#### Extracted data:

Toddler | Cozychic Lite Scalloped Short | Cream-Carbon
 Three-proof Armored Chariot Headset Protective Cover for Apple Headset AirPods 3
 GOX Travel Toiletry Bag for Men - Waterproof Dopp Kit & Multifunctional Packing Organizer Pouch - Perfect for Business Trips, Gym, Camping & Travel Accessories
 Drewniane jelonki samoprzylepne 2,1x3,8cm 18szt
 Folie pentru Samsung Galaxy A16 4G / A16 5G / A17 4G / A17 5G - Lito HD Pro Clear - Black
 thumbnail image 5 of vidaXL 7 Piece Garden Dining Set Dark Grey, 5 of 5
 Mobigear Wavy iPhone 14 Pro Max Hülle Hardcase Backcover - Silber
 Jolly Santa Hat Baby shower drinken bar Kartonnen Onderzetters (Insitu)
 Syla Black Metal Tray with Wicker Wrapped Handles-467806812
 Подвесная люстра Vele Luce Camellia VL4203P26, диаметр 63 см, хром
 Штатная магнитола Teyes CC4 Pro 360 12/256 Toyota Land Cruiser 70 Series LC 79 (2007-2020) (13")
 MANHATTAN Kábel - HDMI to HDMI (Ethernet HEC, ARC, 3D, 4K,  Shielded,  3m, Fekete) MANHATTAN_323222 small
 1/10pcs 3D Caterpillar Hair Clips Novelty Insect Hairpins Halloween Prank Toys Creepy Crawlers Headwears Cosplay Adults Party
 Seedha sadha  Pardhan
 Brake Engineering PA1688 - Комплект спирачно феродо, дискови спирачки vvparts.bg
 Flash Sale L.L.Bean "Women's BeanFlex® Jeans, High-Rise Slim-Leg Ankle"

#### Prompt:
Type the data out again, exactly.

#### Task response:
Toddler | Cozychic Lite Scalloped Short | Cream-Carbon
 Three-proof Armored Chariot Headset Protective Cover for Apple Headset AirPods 3
 GOX Travel Toiletry Bag for Men - Waterproof Dopp Kit & Multifunctional Packing Organizer Pouch - Perfect for Business Trips, Gym, Camping & Travel Accessories
 Drewniane jelonki samoprzylepne 2,1x3,8cm 18szt
 Folie pentru Samsung Galaxy A16 4G / A16 5G / A17 4G / A17 5G - Lito HD Pro Clear - Black
 thumbnail image 5 of vidaXL 7 Piece Garden Dining Set Dark Grey, 5 of 5
 Mobigear Wavy iPhone 14 Pro Max Hülle Hardcase Backcover - Silber
 Jolly Santa Hat Baby shower drinken bar Kartonnen Onderzetters (Insitu)
 Syla Black Metal Tray with Wicker Wrapped Handles-467806812
 Подвесная люстра Vele Luce Camellia VL4203P26, диаметр 63 см, хром
 Штатная магнитола Teyes CC4 Pro 360 12/256 Toyota Land Cruiser 70 Series LC 79 (2007-2020) (13")
 MANHATTAN Kábel - HDMI to HDMI (Ethernet HEC, ARC, 3D, 4K,  Shielded,  3m, Fekete) MANHATTAN_323222 small
 1/10pcs 3D Caterpillar Hair Clips Novelty Insect Hairpins Halloween Prank Toys Creepy Crawlers Headwears Cosplay Adults Party
 Seedha sadha  Pardhan
 Brake Engineering PA1688 - Комплект спирачно феродо, дискови спирачки vvparts.bg
 Flash Sale L.L.Bean "Women's BeanFlex® Jeans, High-Rise Slim-Leg Ankle"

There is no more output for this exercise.